では、干しシイタケって何でしょう? 司会の立川志の輔さんが真面目に回答者に尋ねました。
? 私もそうでしたが、干しシイタケって生シイタケを干したものだと思っていました。
別物だったのですね。
生シイタケは菌床栽培、干しシイタケは原木栽培です。
生シイタケはその殆んどがハウスで栽培されています。おがくずに、米ぬかなどの肥料を混ぜて固めたもので、栄養はたっぷり。そこにシイタケの菌を植えていきます。シイタケは菌の仲間なんですね。糸状の菌糸と呼ばれる体を伸ばして成長します。
ハウスの中で温度や湿度を管理しながら待つこと3カ月。
シイタケの菌糸がブロックを覆ってしまうほどに成長。
すると、ブロックの表面にシイタケがにょきにょきと・・。
ブロックにシイタケが現れました! これは驚きと可愛らしさにちょこっと感動しました。
こうしてできたのが私たちが普段食べている部分なんです。
菌床栽培って、実は平成に入ってから全国に広まったそうですよ。

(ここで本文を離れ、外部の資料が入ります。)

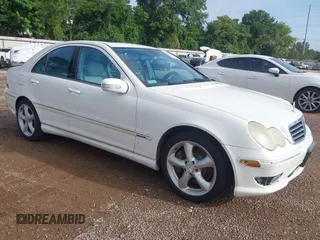 2005 Mercedes-Benz C 230 Kompressor z VIN WDBRF40J95F664371, wystawiony jako IAAI lot #42423721 z przebiegiem 173 536 mil mil oraz . Historia ofert i sprzedaży dostępna na DreamBid. Obrazek 1.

その100%が鮮度を生かした生シイタケとして販売されています。
では、干しシイタケは?
大分県では干し専用のシイタケがあります。
その栽培方法においしさを増す秘密があるんだとか。
取材に行ったスタッフさんが驚いたのは、そこにある道具でした。
発電機、チェーンソー、ドリル、金づち。何をするの?
行ったさきで農家さんはチェーンソーでくぬぎの木を切り始めました。長さは120cm。

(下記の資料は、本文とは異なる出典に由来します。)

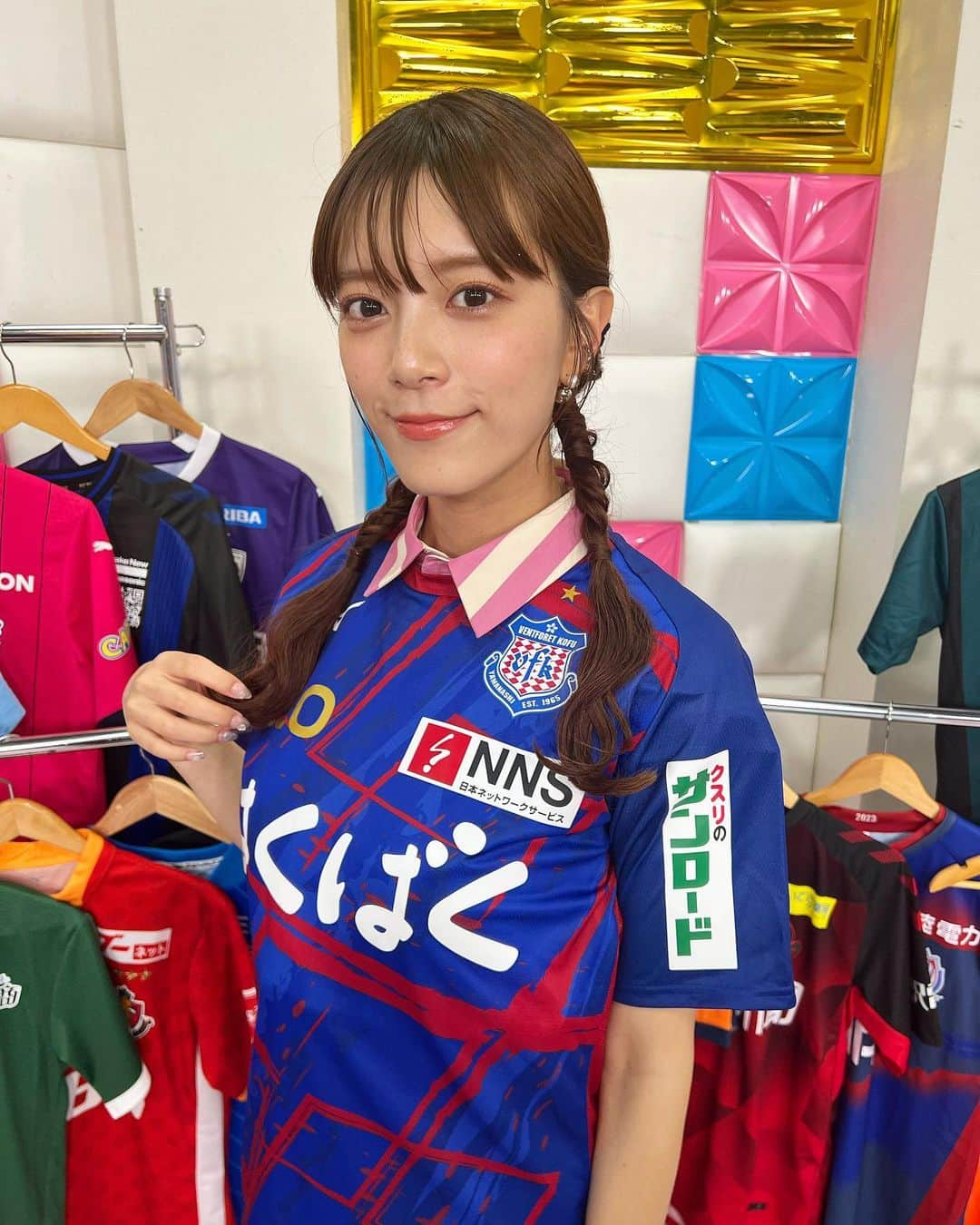 三谷紬さんのインスタグラム写真 - (三谷紬Instagram)「💙❤️ #ヴァンフォーレ甲府 のユニフォームを 着用しました🙏 特徴的な柄がおしゃれなユニ！ ヴァンくんとフォーレちゃんも#ご当地Ｊ に登場してくれました。 見逃し配信明日までです👀 * #football#soccer#サッカー#⚽️#ヴァンフォーレ#甲府#山梨#山梨県#kofu#ユニフォーム#ユニフォーム女子#ユニ#ラブjリーグ#TVer#テレビ朝日#アナウンサー#三谷紬」6月9日 20時22分 - mitani_tsumugi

切った木にドリルで一定間隔を保って穴を開け始めました。
そこに2cmくらい(?)のシイタケの種を入れて、金づちで打ち込み始めました。
なんと1日に2万個を打ち込んでいるそうです。
そしてそれから毎日、直射日光が当たらないように、木をひっくり返したりする作業が続くとのこと。直射日光があたると菌が死んでしまうのだとか。寒さには強いけど、暑さには弱いんだそう。
待ち時間はなんと2年間です。
シイタケが顔を覗かせる頃には、くぬぎの木の皮を突き破って出てくるので、原木シイタケは分厚く、頑丈に育つのです。
シイタケとはいいながら、本当に別物なんですねぇ。
干しシイタケって生シイタケよりおいしくなるの?
シイタケの細胞の中には、リボ核酸と酵素があります。シイタケは干すと細胞の中が壊れて、リボ核酸と酵素が出会ってしまいます。この2つが出会ってできるのが、グアニル酸といううま味です。

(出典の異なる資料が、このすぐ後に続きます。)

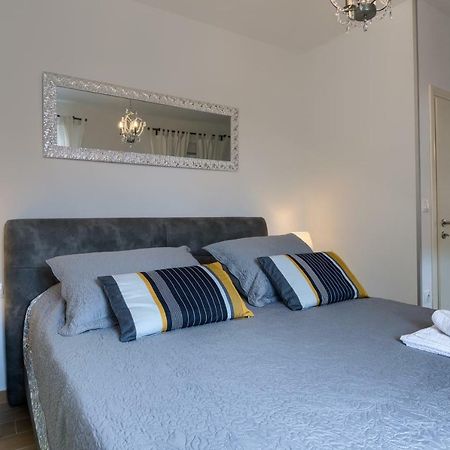 Apartments Dream In Arena 2 Pula Center Free Parking Экстерьер фото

うま味には、昆布のグルタミン酸、かつおのイノシン酸、シイタケのグアニル酸があります。これらのうま味は互いに相乗効果をもたらす関係にあります。
グルタミン酸×イノシン酸=うま味7倍。
グルタミン酸×イノシン酸×グアニル酸=うま味30倍。
番組ではデンマーク、コペンハーゲン大学のオーレ・モウリット教授に話を聞いてきました。
グアニル酸がうま味を引き出す仕組みを7年前に世界で初めて発見された方です。
「干しシイタケが持つグアニル酸は、人体の構造を変えて、脳に強い〈うま味〉の感覚を与えてくれるんです」
えっ? 人体の構造を変える!?
学会でも大注目を浴びた教授の発表とは?
人間の舌にある味蕾の中のうま味を感じる部分は、グルタミン酸が入ってくると、「おいしい」ってうま味を感じます。けれど、そのうま味はやがて唾液などで流されてしまいます。では、一緒にグアニル酸が入ってくると、味蕾の一部が変形してうま味を抱え込んでしまいます。より強く、より長くうま味を感じるようになります。
これがうま味30倍パワーなんですね。
干しシイタケって戻すのが面倒・・
干しシイタケがどの位使われているかを調査したところ、65%があまり使わない、水で戻すのが面倒という回答でした。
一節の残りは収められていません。